This work addresses the limitations of conventional 3D Gaussian splatting methods when applied to fisheye images, which typically require prior undistortion and often suffer from peripheral information loss and floating artifacts. The paper presents the first approach that directly integrates a fisheye camera model into the 3D Gaussian splatting framework, enabling native processing of fisheye imagery without preprocessing. It introduces a cross-view joint optimization strategy based on feature overlap to enhance multi-view geometric and photometric consistency. The proposed method achieves high-quality reconstruction on public benchmarks, matching or surpassing state-of-the-art performance while significantly improving detail fidelity and stability in fisheye scenes. Notably, the introduced optimization mechanism is also applicable to pinhole camera systems.

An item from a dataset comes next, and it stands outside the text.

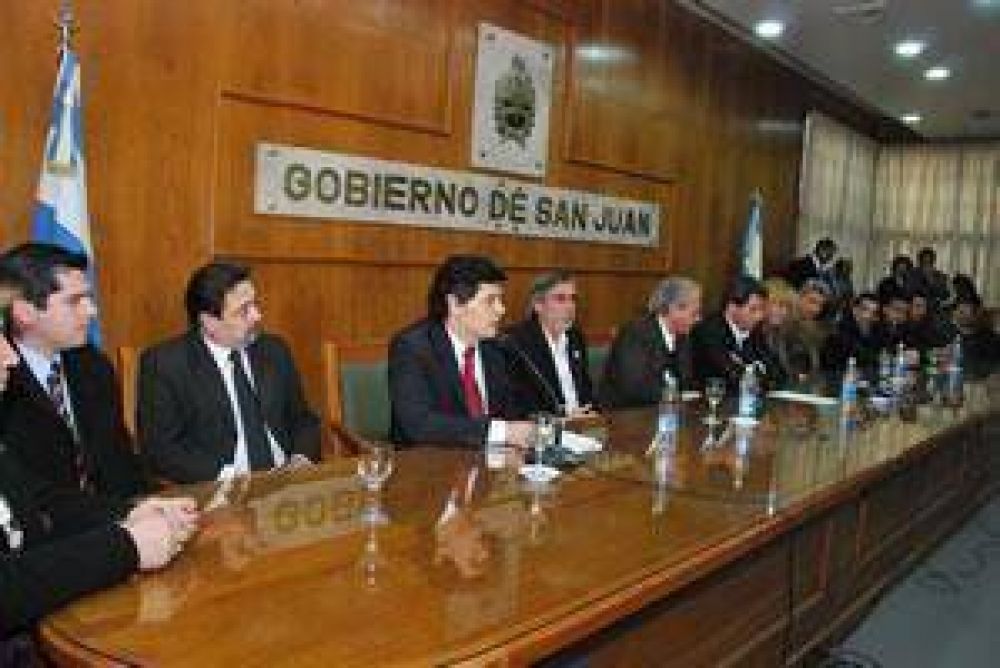 El Gobierno entreg� escrituras gratuitas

3D Gaussian Splatting (3DGS) has enabled efficient 3D scene reconstruction from everyday images with real-time, high-fidelity rendering, greatly advancing VR/AR applications. Fisheye cameras, with their wider field of view (FOV), promise high-quality reconstructions from fewer inputs and have recently attracted much attention. However, since 3DGS relies on rasterization, most subsequent works involving fisheye camera inputs first undistort images before training, which introduces two problems: 1) Black borders at image edges cause information loss and negate the fisheye's large FOV advantage; 2) Undistortion's stretch-and-interpolate resampling spreads each pixel's value over a larger area, diluting detail density -- causes 3DGS overfitting these low-frequency zones, producing blur and floating artifacts. In this work, we integrate fisheye camera model into the original 3DGS framework, enabling native fisheye image input for training without preprocessing. Despite correct modeling, we observed that the reconstructed scenes still exhibit floaters at image edges: Distortion increases toward the periphery, and 3DGS's original per-iteration random-selecting-view optimization ignores the cross-view correlations of a Gaussian, leading to extreme shapes (e.g., oversized or elongated) that degrade reconstruction quality. To address this, we introduce a feature-overlap-driven cross-view joint optimization strategy that establishes consistent geometric and photometric constraints across views-a technique equally applicable to existing pinhole-camera-based pipelines. Our DirectFisheye-GS matches or surpasses state-of-the-art performance on public datasets.